Segment Open

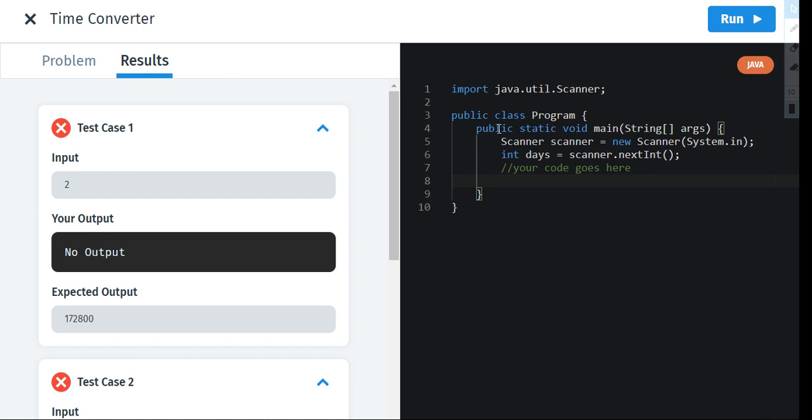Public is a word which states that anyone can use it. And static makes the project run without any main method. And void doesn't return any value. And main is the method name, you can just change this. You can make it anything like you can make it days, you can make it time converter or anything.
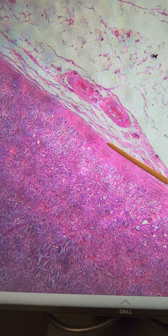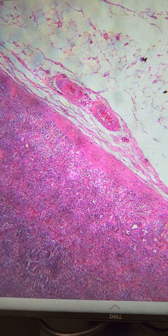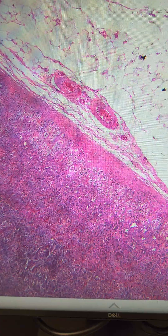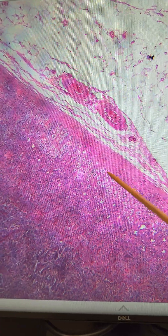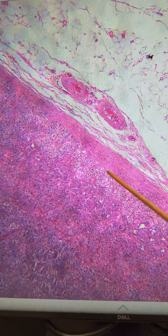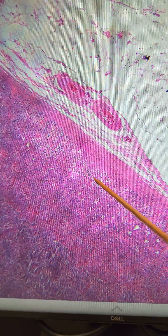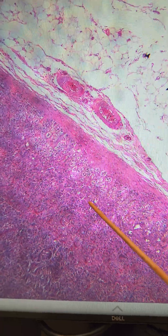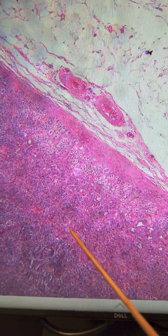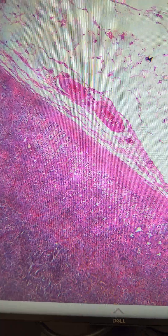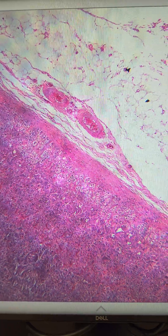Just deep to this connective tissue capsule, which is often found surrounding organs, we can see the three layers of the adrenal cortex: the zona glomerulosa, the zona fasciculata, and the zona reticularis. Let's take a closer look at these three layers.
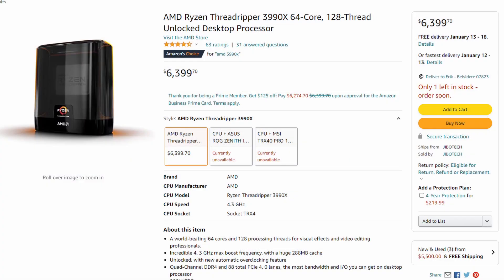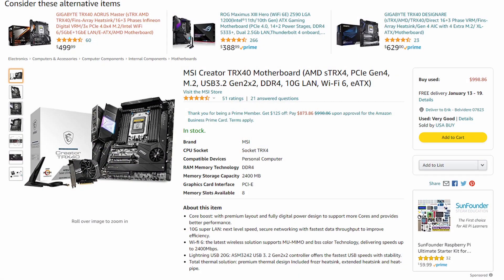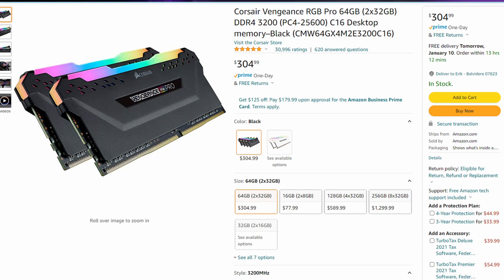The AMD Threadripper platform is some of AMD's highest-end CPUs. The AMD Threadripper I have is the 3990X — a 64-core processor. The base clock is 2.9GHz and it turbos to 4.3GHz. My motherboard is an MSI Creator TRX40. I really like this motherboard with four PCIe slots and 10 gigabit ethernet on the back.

Segment Closed
Segment Open

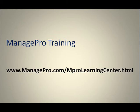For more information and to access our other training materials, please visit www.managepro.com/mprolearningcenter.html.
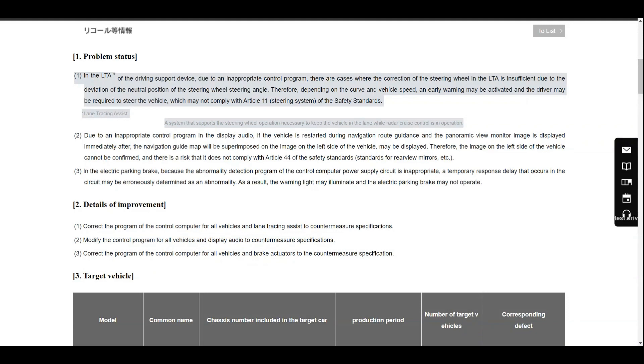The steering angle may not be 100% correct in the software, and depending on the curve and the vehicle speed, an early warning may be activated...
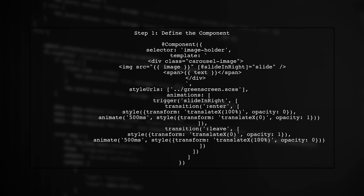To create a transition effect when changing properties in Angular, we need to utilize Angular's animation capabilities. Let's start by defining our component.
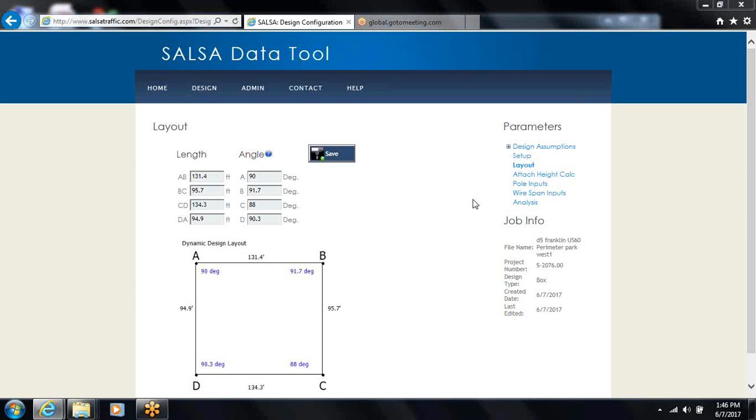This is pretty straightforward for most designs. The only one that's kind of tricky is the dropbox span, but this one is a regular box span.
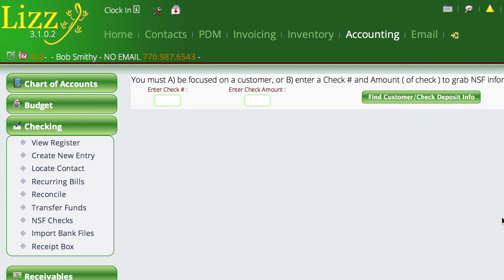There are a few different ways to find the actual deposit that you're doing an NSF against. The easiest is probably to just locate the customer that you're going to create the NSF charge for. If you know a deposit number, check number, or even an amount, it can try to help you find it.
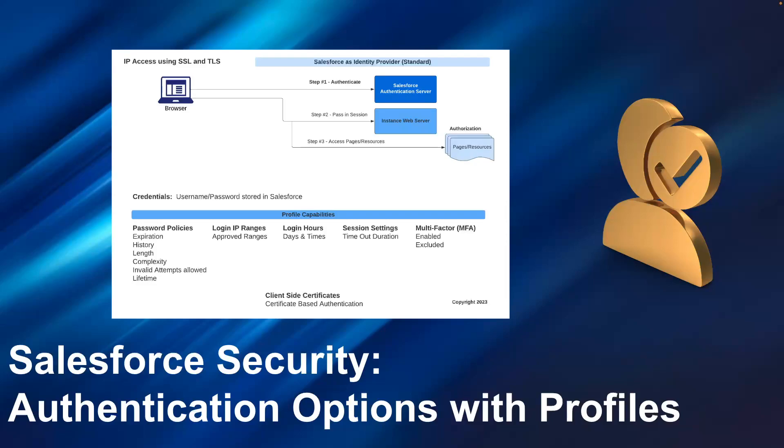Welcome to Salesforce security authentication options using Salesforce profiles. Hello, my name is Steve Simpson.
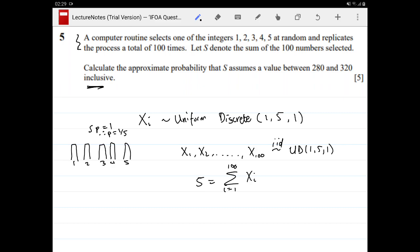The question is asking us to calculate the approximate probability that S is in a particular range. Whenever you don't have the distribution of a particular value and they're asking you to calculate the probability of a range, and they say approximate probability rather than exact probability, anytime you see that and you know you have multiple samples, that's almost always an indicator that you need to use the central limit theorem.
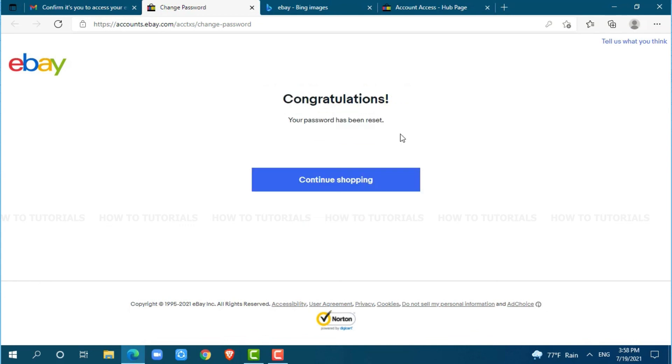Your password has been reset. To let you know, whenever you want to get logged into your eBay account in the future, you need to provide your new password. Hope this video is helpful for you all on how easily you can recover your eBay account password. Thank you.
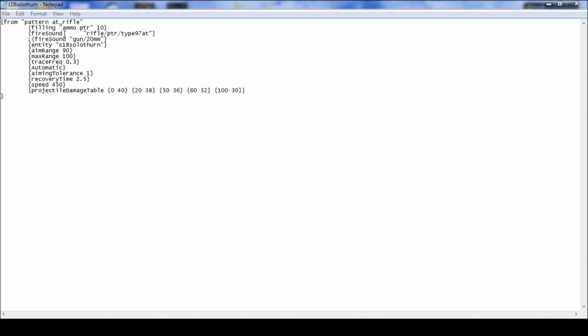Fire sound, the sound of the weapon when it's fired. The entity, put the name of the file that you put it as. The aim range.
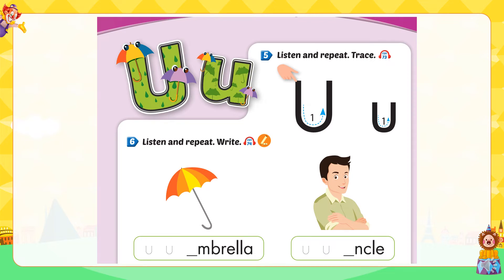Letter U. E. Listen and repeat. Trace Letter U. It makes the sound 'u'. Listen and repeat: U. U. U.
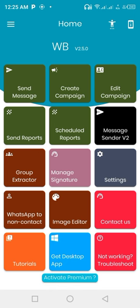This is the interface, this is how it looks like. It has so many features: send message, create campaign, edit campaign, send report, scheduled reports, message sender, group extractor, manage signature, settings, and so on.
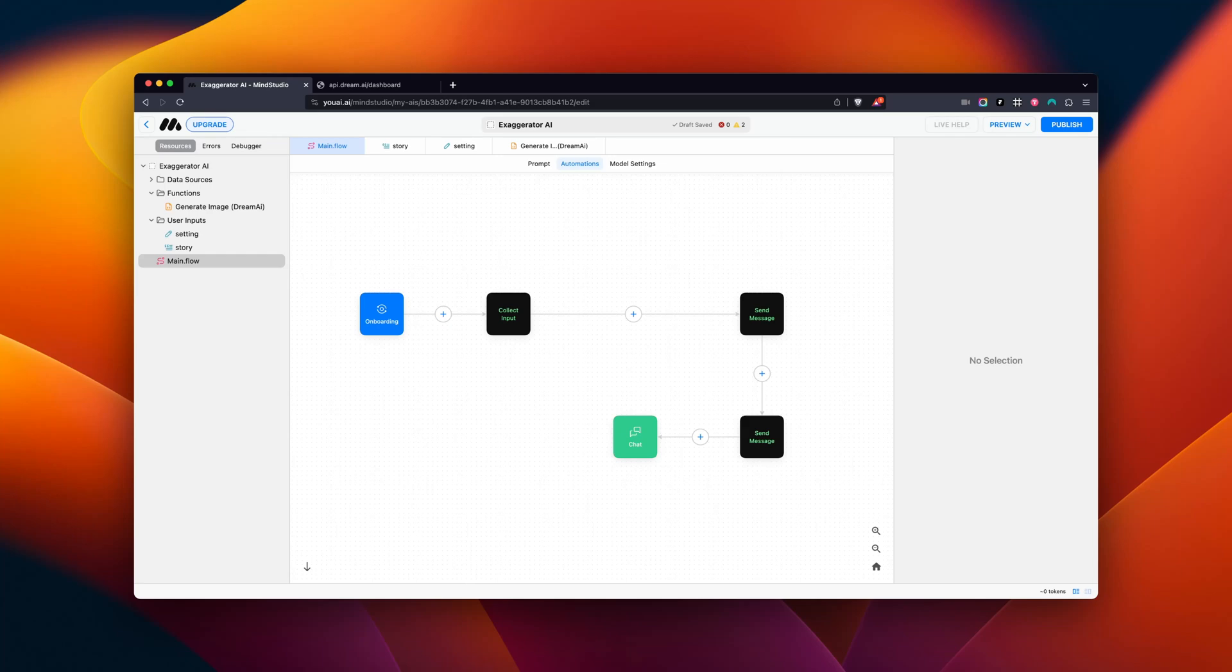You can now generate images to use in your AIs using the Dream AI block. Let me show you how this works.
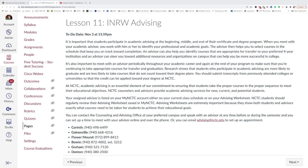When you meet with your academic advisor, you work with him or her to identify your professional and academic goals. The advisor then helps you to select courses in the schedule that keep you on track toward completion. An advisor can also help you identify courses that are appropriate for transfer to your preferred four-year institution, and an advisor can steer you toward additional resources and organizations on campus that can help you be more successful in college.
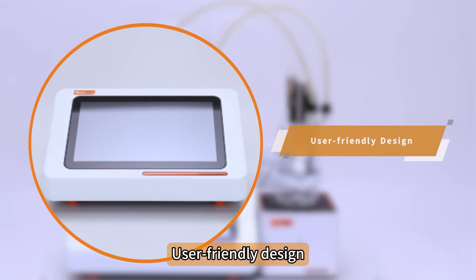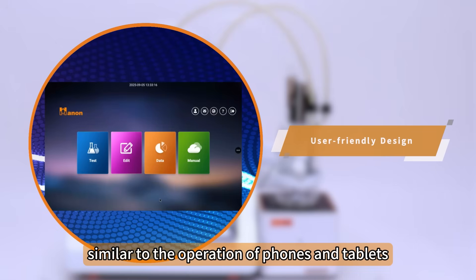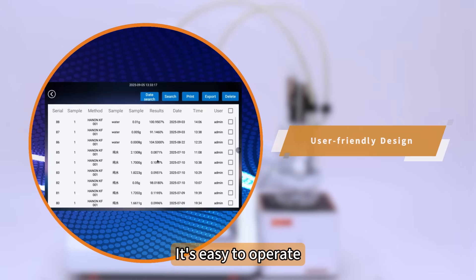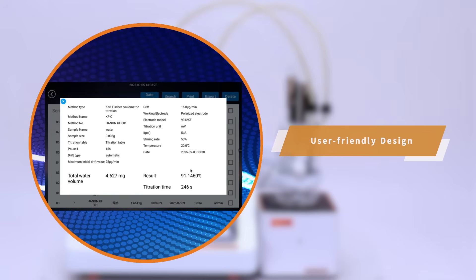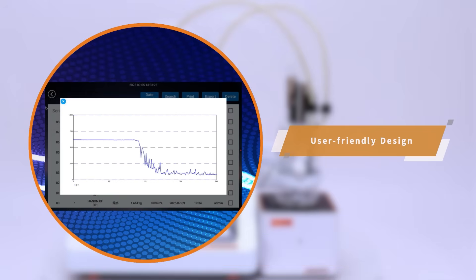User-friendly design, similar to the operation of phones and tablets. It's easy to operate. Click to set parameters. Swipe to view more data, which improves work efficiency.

Segment Closed

#### [What the task requires]
What is needed is an exact copy of only the lines above from the one with "Just deep to" to the one with "The AMD Threadripper platform", both kept, with every picture left out.

#### [Answer area]
Just deep to this connective tissue capsule, which is often found surrounding organs, we can see the three layers of the adrenal cortex: the zona glomerulosa, the zona fasciculata, and the zona reticularis. Let's take a closer look at these three layers.
The AMD Threadripper platform is some of AMD's highest-end CPUs. The AMD Threadripper I have is the 3990X — a 64-core processor. The base clock is 2.9GHz and it turbos to 4.3GHz. My motherboard is an MSI Creator TRX40. I really like this motherboard with four PCIe slots and 10 gigabit ethernet on the back.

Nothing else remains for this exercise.